At Benilde-St. Margaret’s, convocation and school gatherings are intended to enrich part of the school curriculum and help students become more socially aware of the world we live in. But could the scheduling of these interruptions be eating into class time and potentially affecting AP classes? Students and teachers have fixed opinions.
Additional class time reductions can cause trouble when teachers are trying to organize content and tests. If a class period is shortened by as little as 15 minutes, most teachers will have to reschedule their tests or quizzes to another day to give students a justifiable amount of time. Senior high AP Human Geography teacher, Cherie Vroman stresses the weight of this topic and how even minor schedule changes can make teaching harder. “So when we add [or] have additional changes to the schedule throughout the year it makes it a challenge to figure out how to reduce the curriculum we’ve already had to reduce,” Vroman said.
Students are also feeling the stress of losing class time when they get home from school. When teachers lose time to teach content, it is then put on students to learn and make up for things that may have been missed due to lessened class time. A large workload puts more stress on students who already have increasingly busy schedules and social lives. “It could make things more difficult, especially if kids have to cram in a bunch of content at the end of the year. It can make things really hard because we’re having to go and make up a bunch of class activities, then take our notes and make up lecture notes,” sophomore AP student Addison Buhl said.

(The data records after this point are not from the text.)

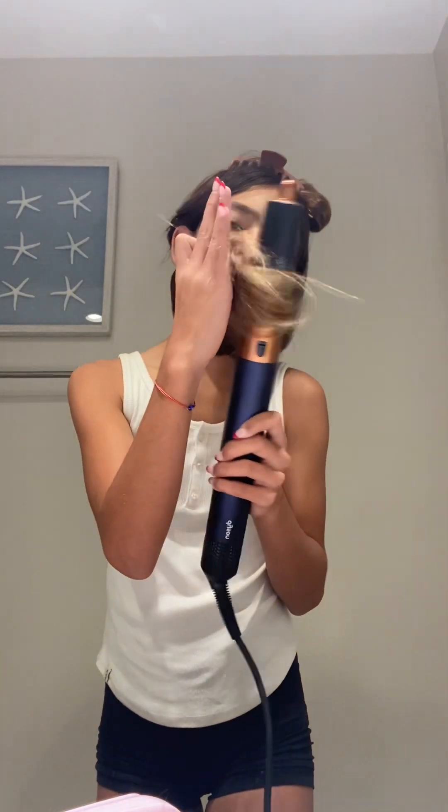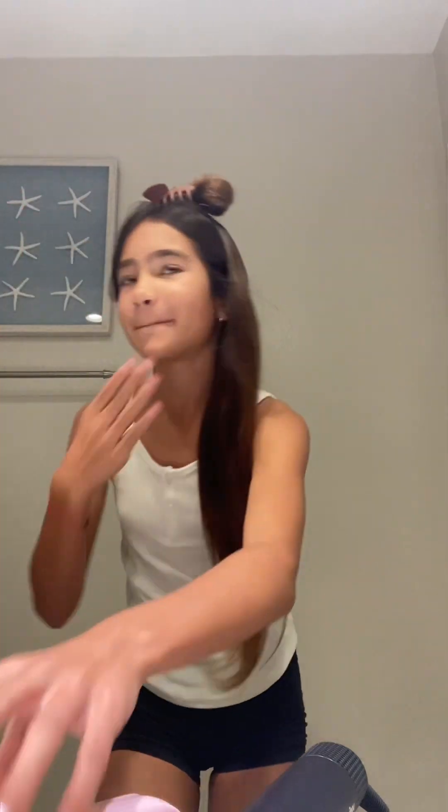See how it swoops? I love that. I like it when there's a lot of swoop, so we're going to swoop it even more. I swooped it so much — I love it. It's just so easy, it doesn't take that long. That's like perfect. You can even brush it out — it's cute like that.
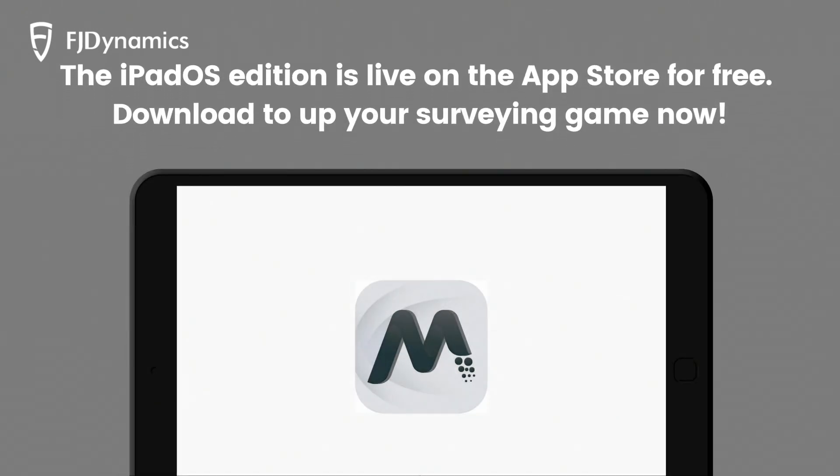The iPadOS Edition is live on the App Store for free. Download to up your surveying game now.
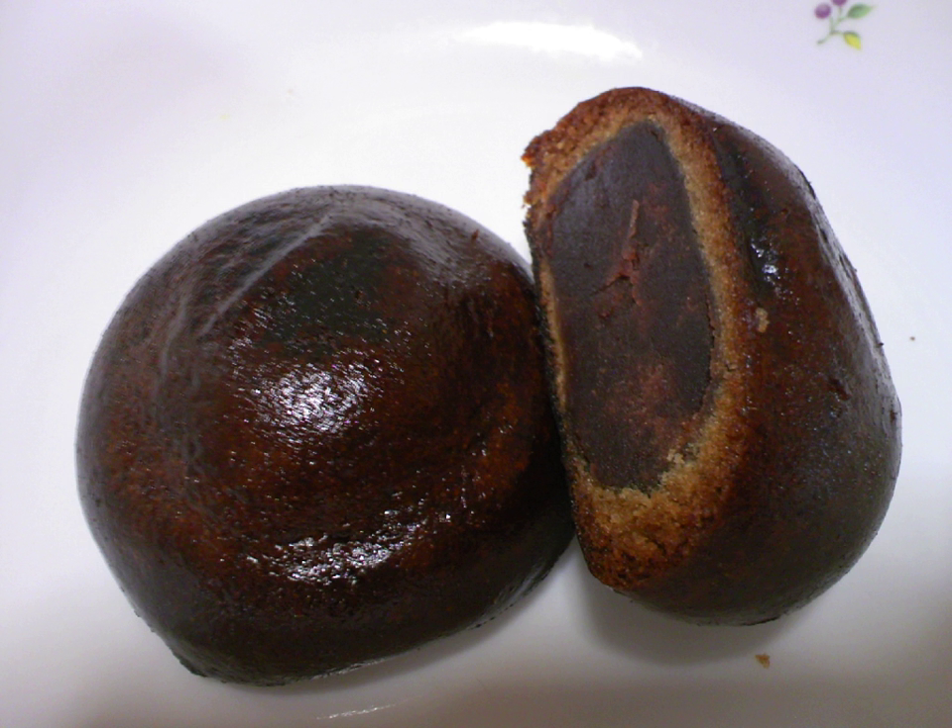In 1341, a Japanese envoy that came back from China brought back manto with him and started to sell it as nara manju. It is said that this was the origin of Japanese manju. Since then, it has been eaten for nearly 700 years by Japanese people. Now it can be found in many Japanese sweet shops, and its low price is a reason that it is popular.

Students aren’t the only ones seeing the consequences of lost class time. Teachers agree that the time lost during the school day makes both teaching and learning harder for everyone involved. Teachers may need to pick and choose the content that would be most beneficial for students to learn in the time given in class and then leave the rest for students to finish outside of school. This can quickly become an overwhelming routine when arranging a curriculum. “I think it puts a bigger workload on both me as the teacher and the students. I find myself rushing and trying to cover more of the basic content that ideally I like to allow the students to do while we work on digging a little deeper into some of the content and working on some of the major skills,” senior high AP History teacher Jeffery Cohen said.